Giusi Quarenghi cattura il fare… “Fare poesia è fare come se… Se di una scopa dico: ‘facciamo come se fosse il mio cavallo’, io so che nessuno mi prenderà. Il ‘come se’ mi salva. E allora la p mi salva e dico: fare poesia è come fare il pane. Poesia viene dal greco poièo che significa fare. Quindi non ispirazione, divinità, mistero, semplicemente fare. La parola pane è già una dispensa, anche sapienziale; si aggira nei proverbi con forte valenza ossimorica, perché contiene tanto la sazietà, quanto la fame, la vita e la morte, la necessità e il desiderio. La rivoluzione e la schiavitù. Quante rivoluzioni per il pane. Quanti servi e quanti lacché per il pane (e per il companatico!).”

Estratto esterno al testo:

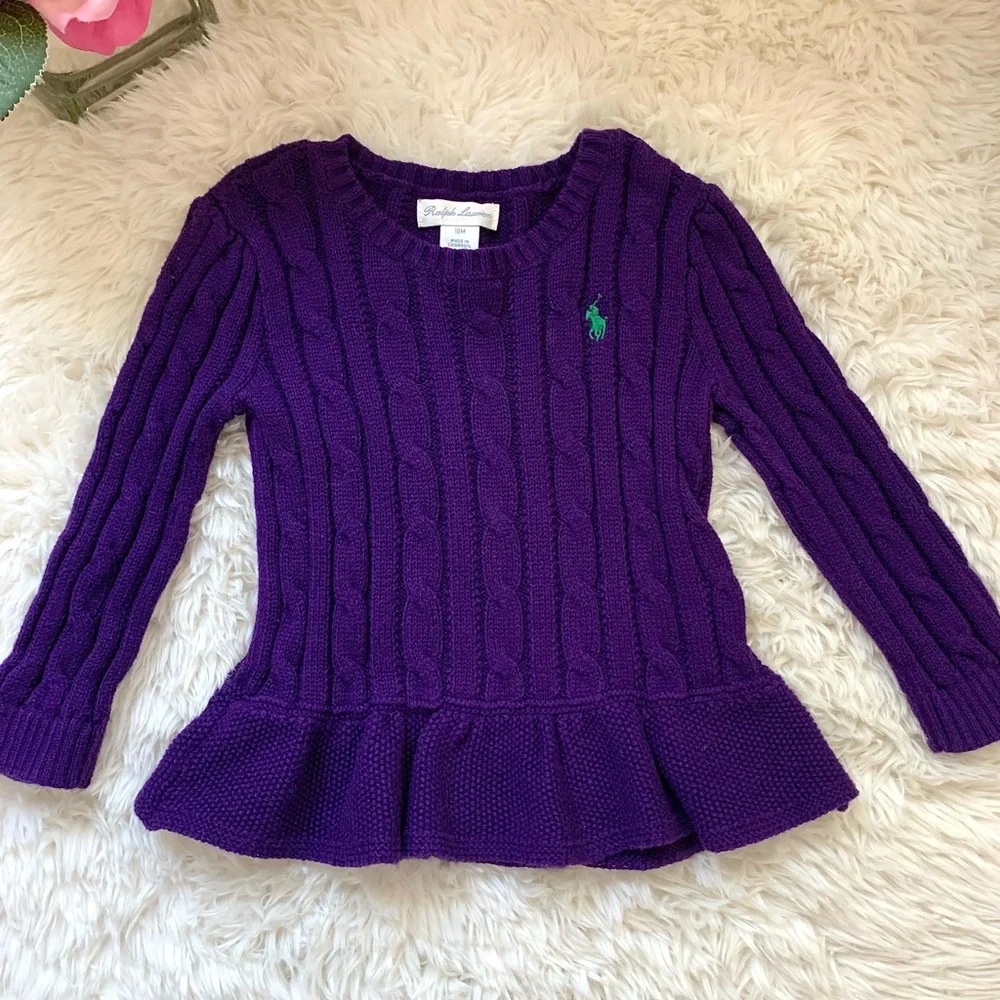 Ralph Lauren Preppy Baby Cotton Cable knit Sweater Dress purple 18M Toddler Girl
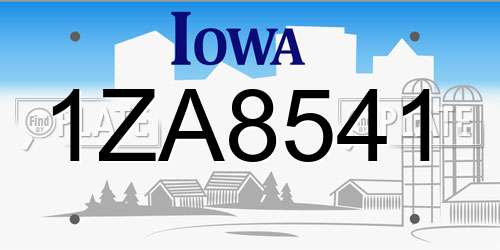 1ZA8541 Iowa License Plate
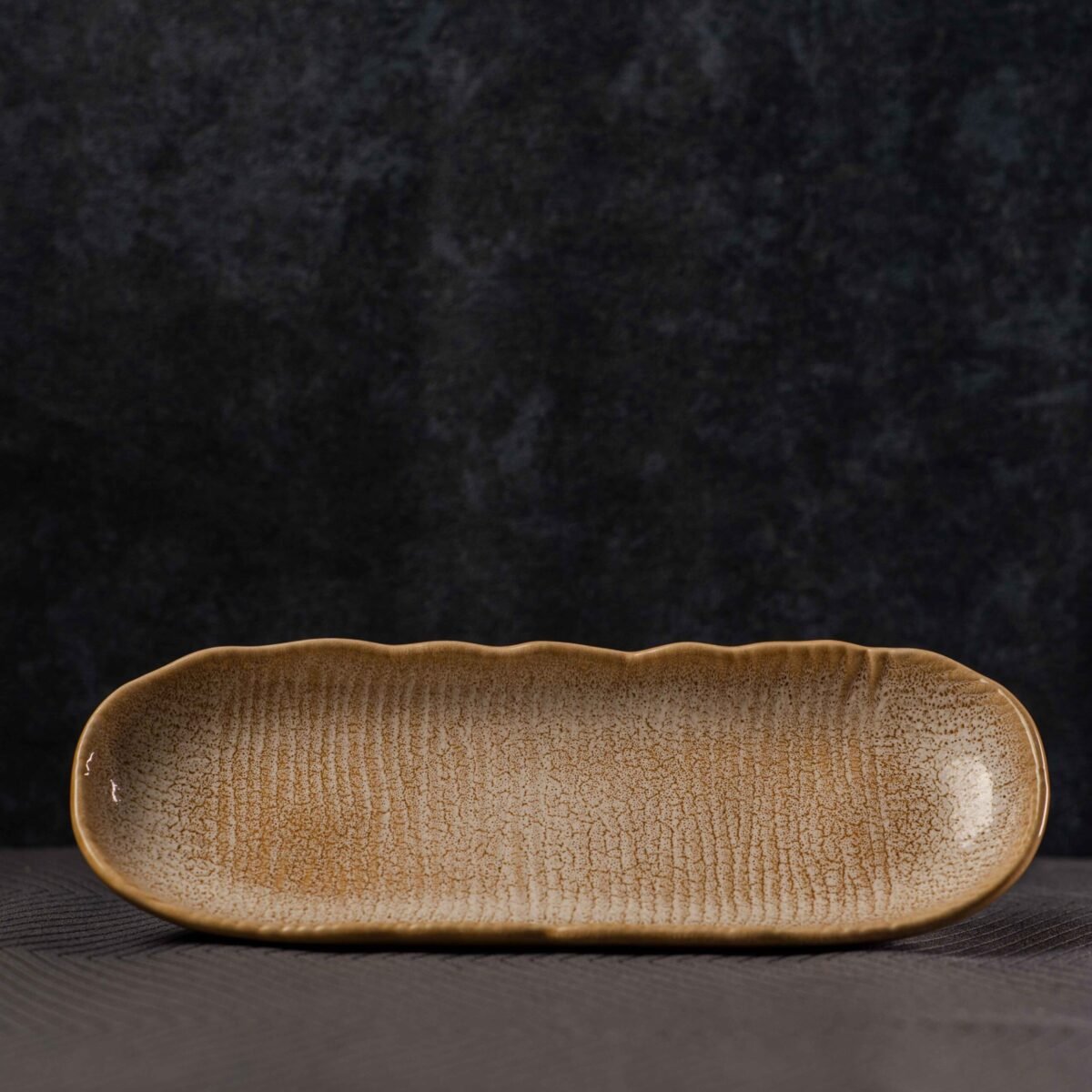 Golden Saffron Wave Ceramic Platter – A Statement of Elegance & Craftsmanship | 12 Inches X 4 Inches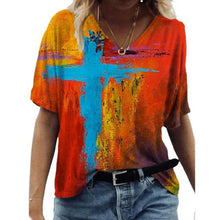 Load image into Gallery viewer, Print T Shirted Summer Short Sleeve V Neck
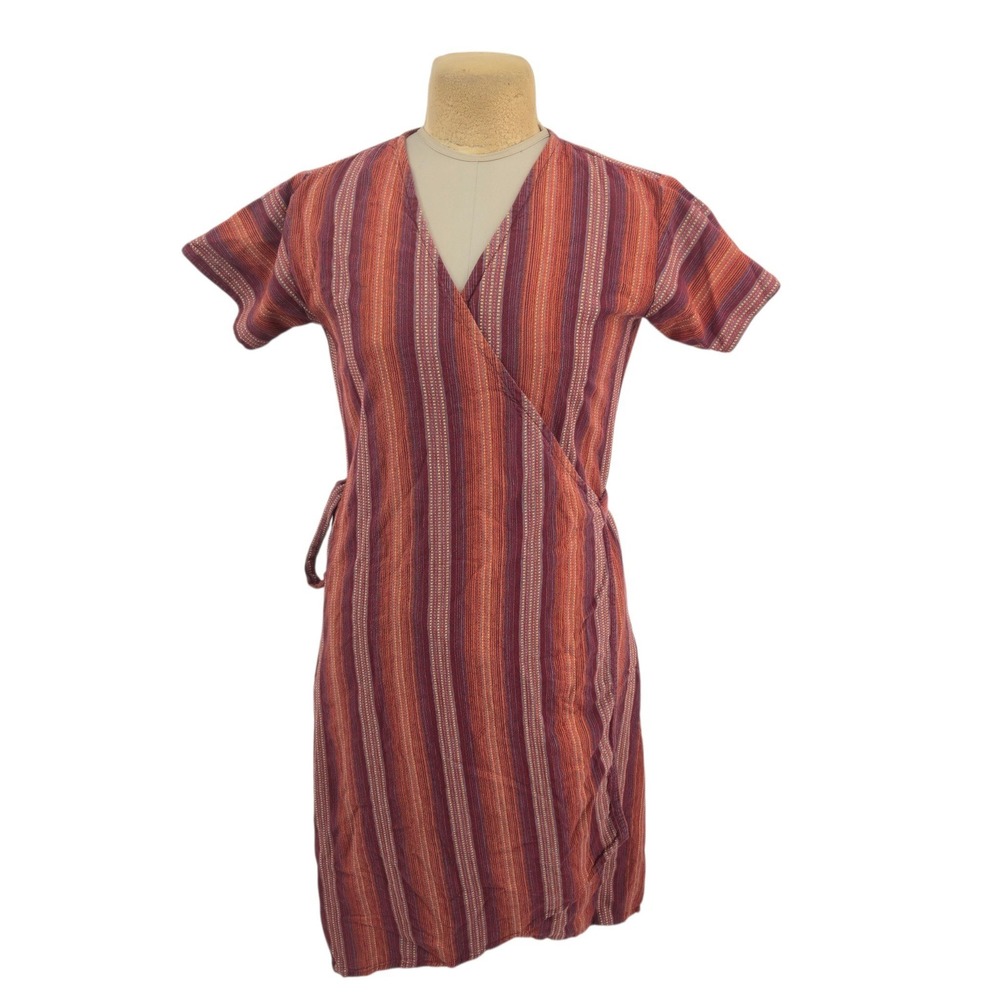 Ganesh Himal Wrap Dress Women XL Striped Boho Cotton Nepal Artisan Sustainable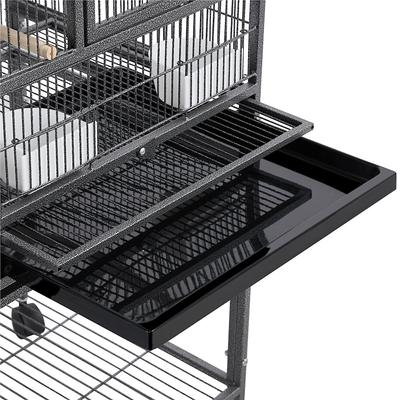 Show full view: Yaheetech Stackable Wide Divided Breeder Bird Cage, Black slide 7 of 11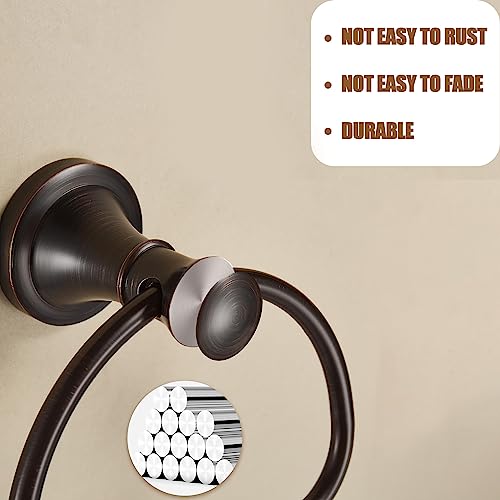 Bronze Towel Ring,Bathroom Hand Towel Holder,Oil Rubbed Towel Hanger Wall Mount Farmhouse Towel Rack Rustic Bath Accessories Half Round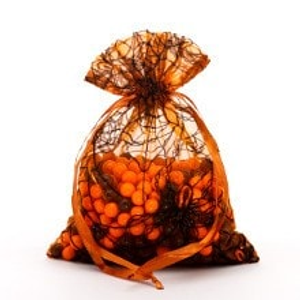 Orange/Black Spider Web Sheer Bags - 6 X 8 - Quantity: 12 - Fabric Bags by Paper Mart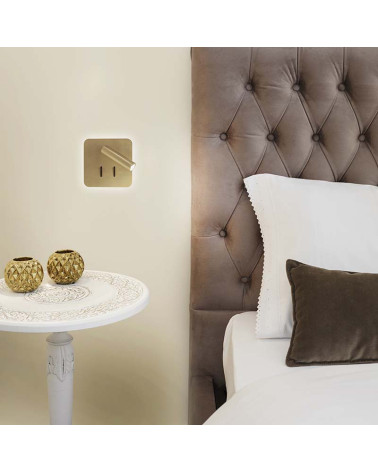 Square double LED wall light with adjustable spotlight and indirect lighting, 3+6W 3000K, gold or leather finish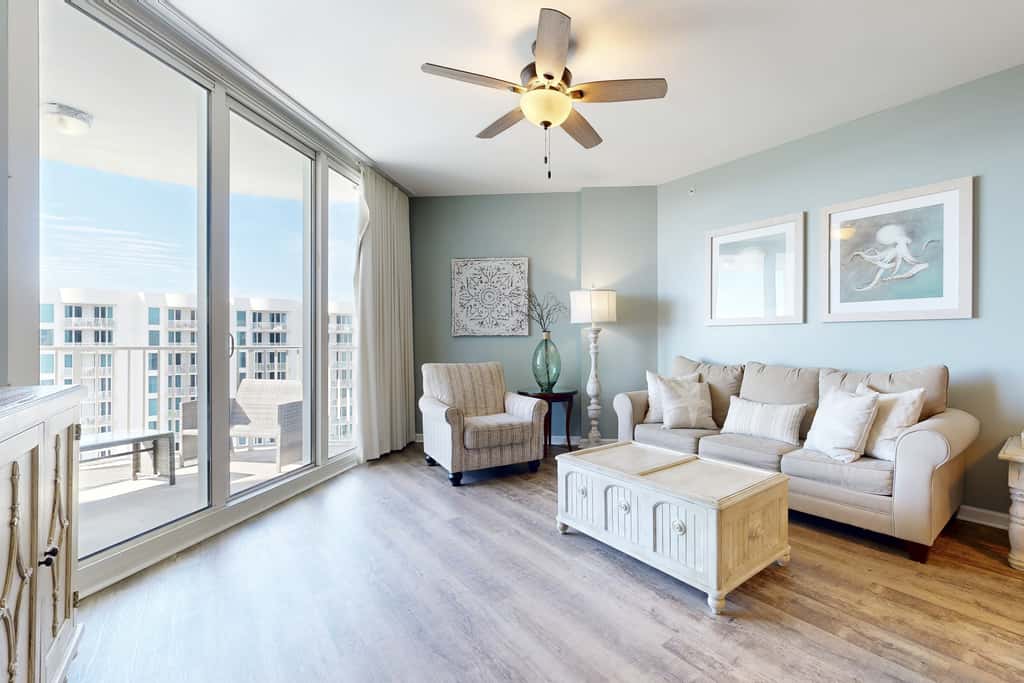 Water-view 11th-floor condo with hot tub, heated pool, tennis, sauna, gym, W/D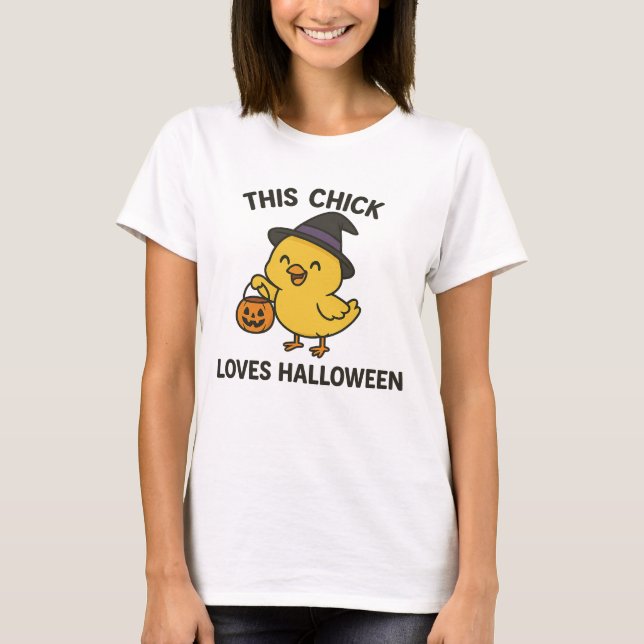This Chick Loves Halloween Funny T-Shirt (Front)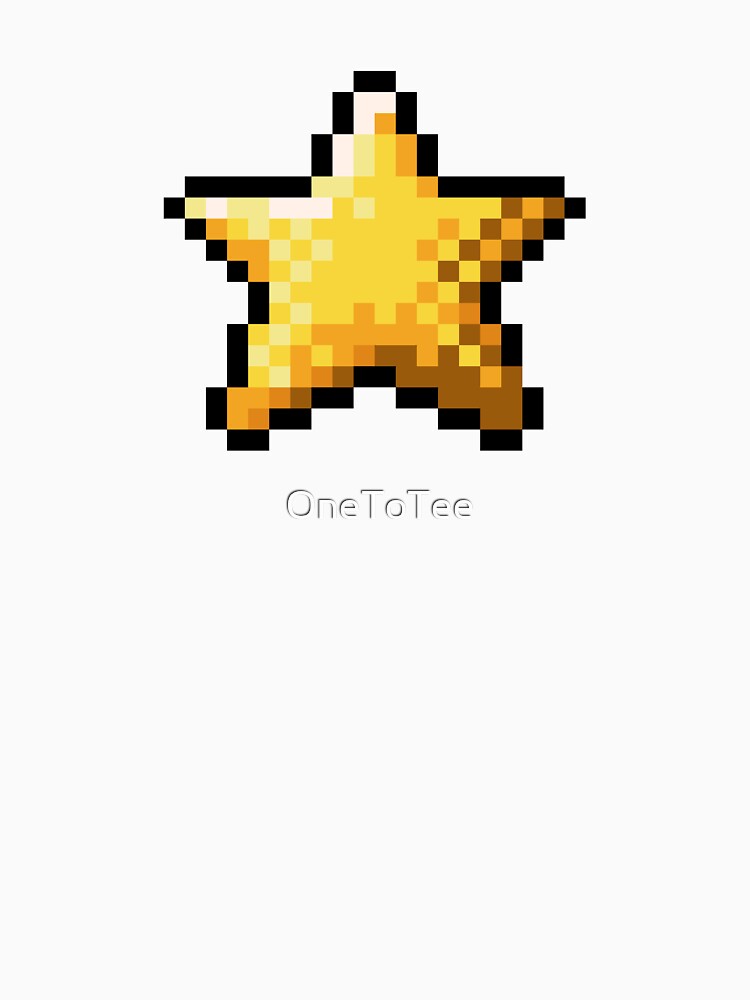 Retro Pixel Art Golden Star by OneToTee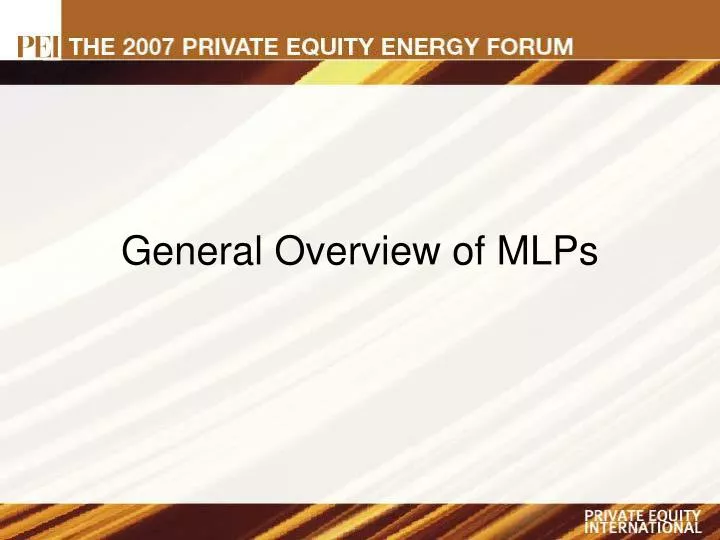 general overview of mlps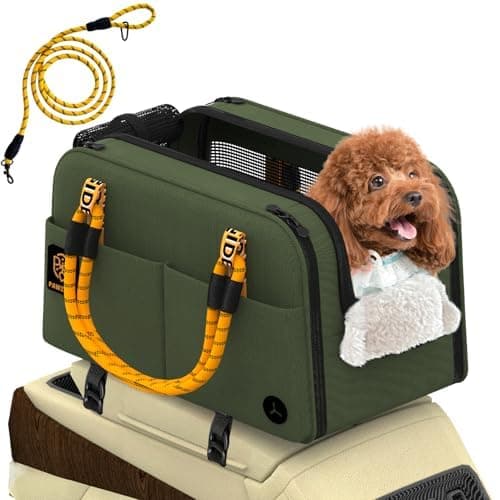 PAWZIDEA Center Console Dog Car Seat, Enclosed Small Dog Armrest Booster Carseat, Secure Straps &Anti Slip, Portable TSA Approved Puppy Pet Carrier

Elisa Biagini scrive “quando scrivo di solito lavoro su un tema che ho studiato e approfondito, quindi il contenuto ha la priorità: Solo successivamente quando il materiale è stato digerito, emergono le emozioni che a questo si legano, emergono le immagini forti. E poi è il momento del suono, dell’armonia che spesso bilancia l’intensità delle immagini, un contrasto caldo-freddo, un dickinsoniano fuoco dentro il ghiaccio.”
Andrea Zanzotto dice “… quando si scrive poesia si è costretti a partire per scrivere qualcosa, ma non si sa mai quello che apparirà. C’è veramente un momento in cui uno perde il contatto, non dico con la progettualità, ma addirittura con la compulsione sotterranea che lo spinge a scrivere senza sapere neanche il perché, sente che deve scrivere entro un largo campo di argomenti, ma poi che cosa nascerà?”
Non può saperlo perché esiste uno strato in tutti noi che comunica con tutti noi, come un inconscio collettivo che attraversa anche le lingue e i tempi. Da qui attinge chi fa poesia.